“I have just one question for you.” The ultra-Orthodox rabbi wasn’t interested in taking the gospel literature I proffered on the Brooklyn street corner. “Why are you involved in such a religion of hate?”
Fifty years ago that question would have made no sense to me. But that was before I learned that, for Jewish people, Christians are responsible for inhumanity over centuries: the Crusades and the Inquisition, multiplied edicts of expulsion, pogroms based on false accusations regarding the Black Plague, blood libels, and deicide. It was this history that prompted the rabbi’s question.
The tragic truth is, the association of institutional “Christianity” with ill treatment of Jewish people is not so easily dodged. The Holocaust was birthed in Germany, the country of the Enlightenment – and the Protestant Reformation.
October 2017 marked the 500th year of Martin Luther’s posting his 95 theses on the castle church door in Wittenberg, Germany. Luther spoke out against corrupt practices like the sale of indulgences.
Christians owe much to Luther for his emphasis on the primacy of Scripture as our guide to faith and practice. The sufficiency of our Savior’s atoning sacrifice and the truth that justification is by faith were essential correctives Luther and the Reformers emphasized.

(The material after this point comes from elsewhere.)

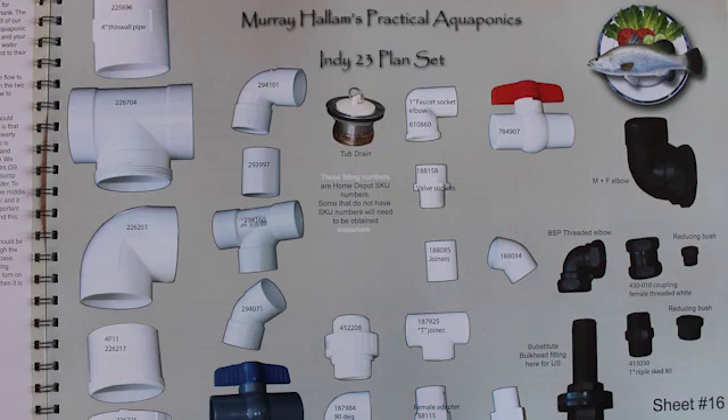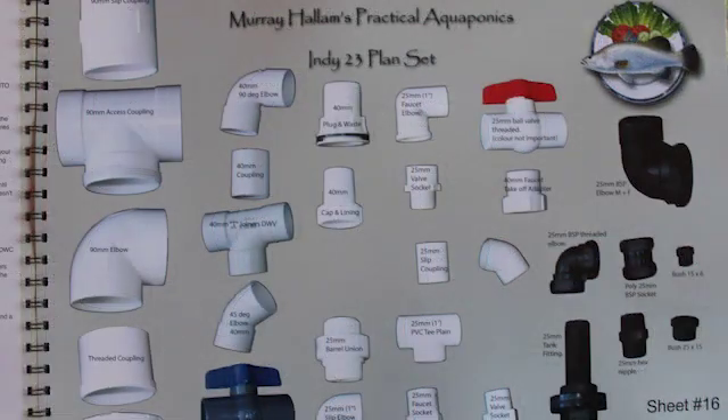If you go to the back page, you'll find a page showing plumbing fittings especially for the USA in imperial, and also a page showing all metric fittings. On the US page, the numbers you'll see on all the fittings are actually from Home Depot, so you can go to the Home Depot website, key in that particular number, and you'll see the fitting and the price.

Sadly, what wasn’t rooted out in the Reformation were noxious anti-Jewish views that had already taken hold by the fourth century. Two recent blogs (Luther’s Jewish problem by Pastor Bernard Howard and Martin Luther’s Anti-Semitism by friend and colleague Michael Rydelnik) remind us that even heroes have clay feet.
Luther’s Of the Jews and Their Lies is his most-referenced diatribe against the Jewish people. But that screed is not an isolated document. In a separate comment, Michael writes, “I suggest going to a theological library, finding the multi-volume Luther’s Works, checking the index for Jews, Jewish, and Israel, and then read the hundreds of pages of vitriol.”
We know “nobody’s perfect.” (Jesus’ teaching that “there is none good but God” is self-evident.)
But how do we account for Luther’s evident hatred of the Jewish people, whom God “loves with an everlasting love” (Jeremiah 31:3)? This is especially troublesome as Of the Jews was written decades after Luther sought to share the gospel of grace with the Jewish people of his generation.
While Christians may be unaware of Luther’s vicious diatribe, many of our Jewish friends have been exposed to it. Because of Martin Luther’s stature and enduring influence, and because he wrote such vile words (and more than a few) toward the end of his life, it’s difficult to understand – much less excuse – his actions.
And the tragedy is compounded by Hitler’s saying, “I never said anything Luther didn’t” about the Jewish people.
A sincere apology is due our Jewish friends for what has been perpetrated against them in the name of Christianity. Our contrition won’t erase centuries of hurt and harm. But hopefully by our attitudes and actions we can demonstrate that such hatred is exactly opposite of what Yeshua taught us:
+ “Love the Lord your God.”
+ “Love your neighbor as yourself.”
+ “Love your enemy.”
For all of his wonderful contributions – and they are many – Luther’s anti-Semitism serves as an example of the human susceptibility to sin. “Let him who thinks he stands take heed lest he fall.”
When followers of Messiah Jesus operate in the flesh, conform to our sinful culture, or replace God’s Word with Satan’s lies, grievous consequences follow.
Racism of every kind is always condemnable – most especially when I find it hiding in my own heart. “Let him who is without sin cast the first stone” certainly applies to me.